───── Dataset section ─────

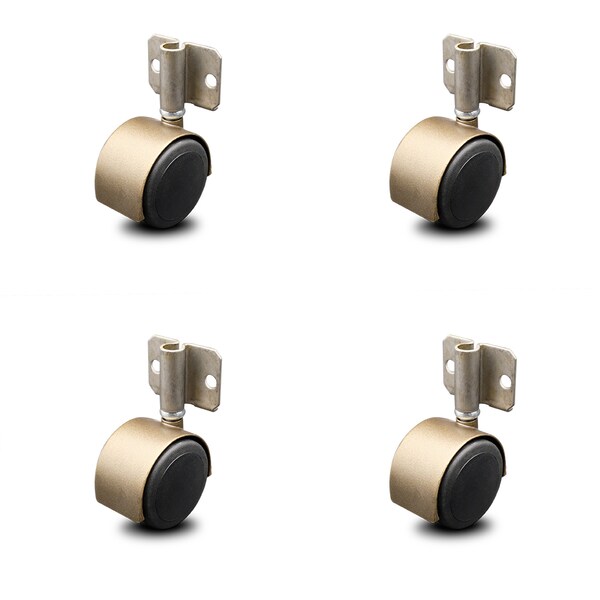 Service Caster 2.375 Inch Antique Brass Hooded Urethane Twin Wheel Caster with Side Mount Set SCC-GR02S60D-NYU-WA-716X78-CB180-4 - main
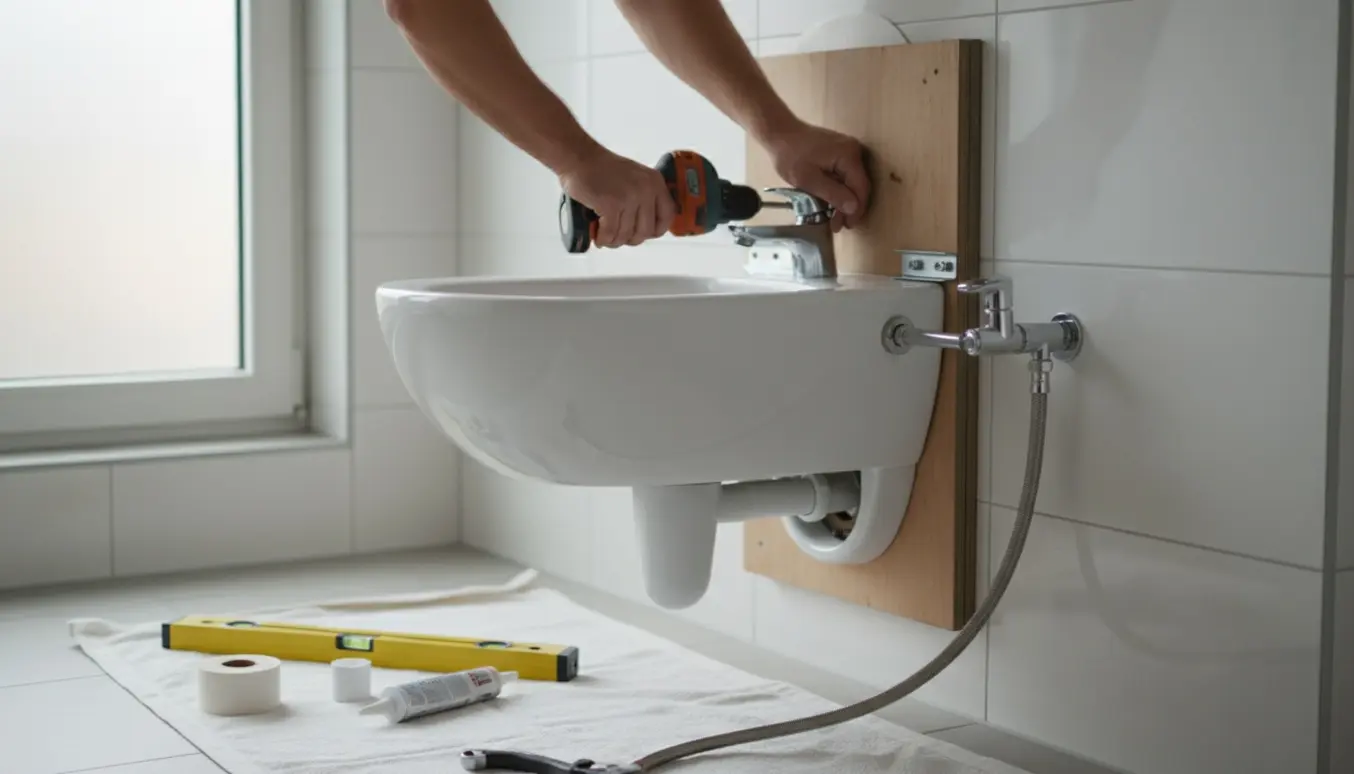 Væghængt bidet under montering med værktøj og varm vandtilslutning i et lyst badeværelse.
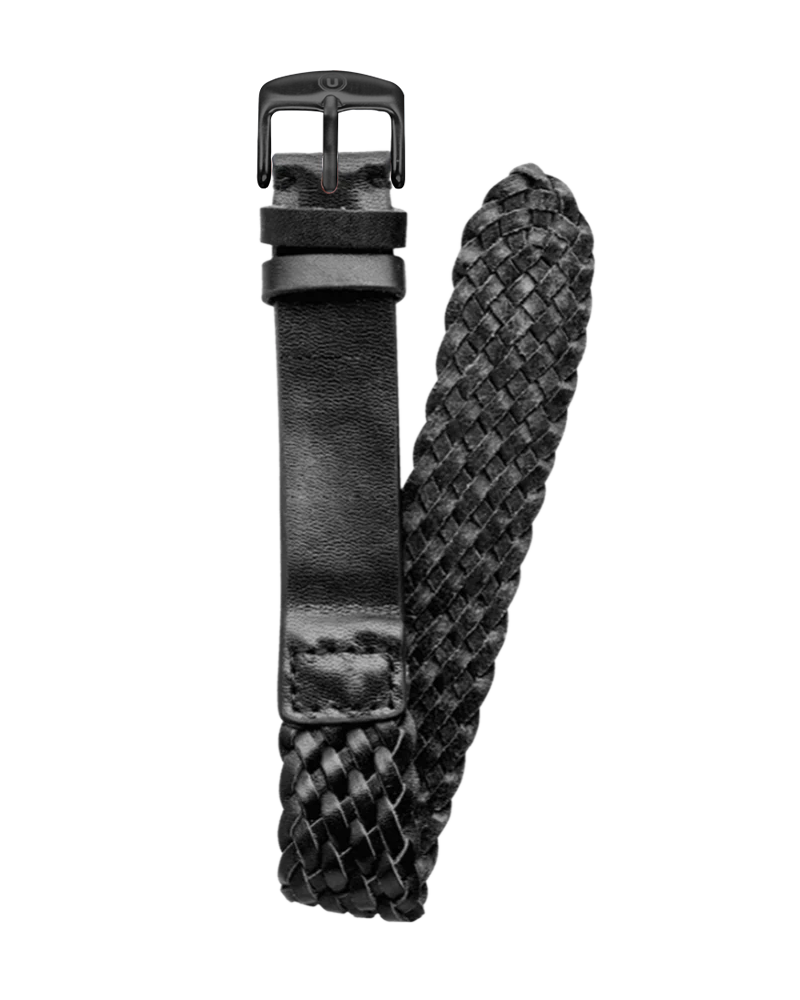 20mm Braided Leather Black
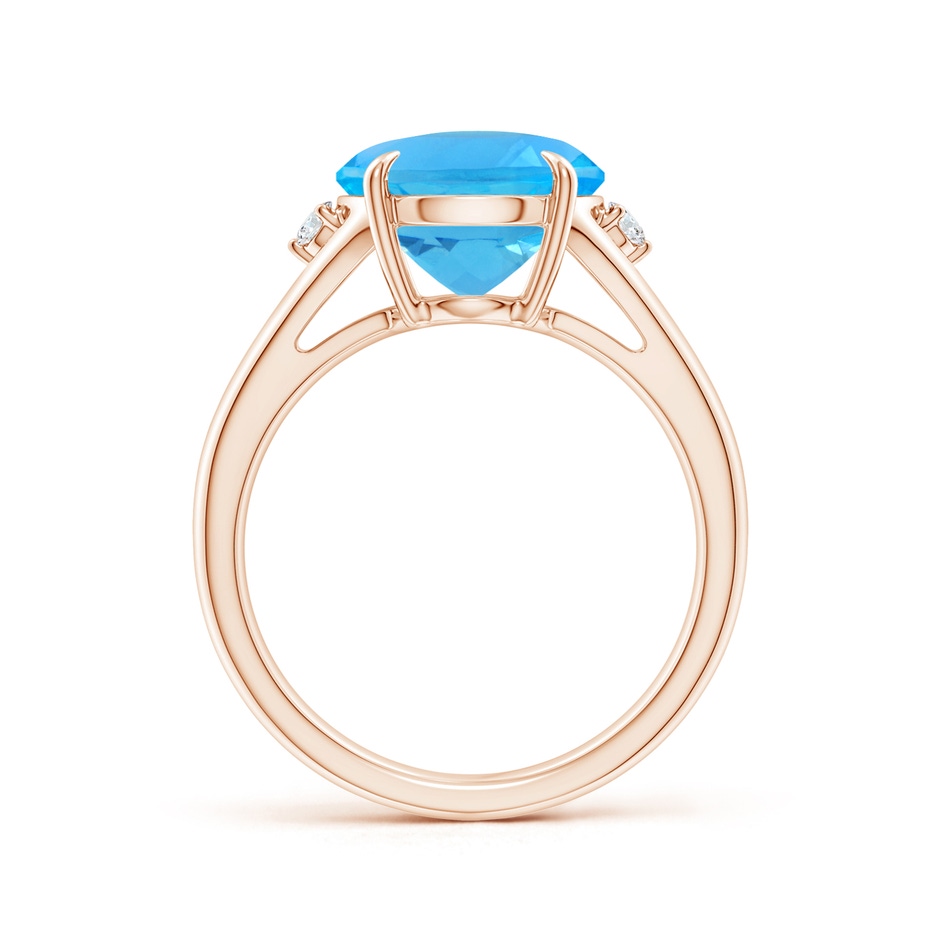12x10mm AAA Oval Swiss Blue Topaz Ring with Diamond Accents in Rose Gold side 1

─────

Action item: Once you find the line with "Væghængt bidet under", restate it and every later line of the data word for word, excluding the pictures.

Response area:
 Væghængt bidet under montering med værktøj og varm vandtilslutning i et lyst badeværelse.
 20mm Braided Leather Black
12x10mm AAA Oval Swiss Blue Topaz Ring with Diamond Accents in Rose Gold side 1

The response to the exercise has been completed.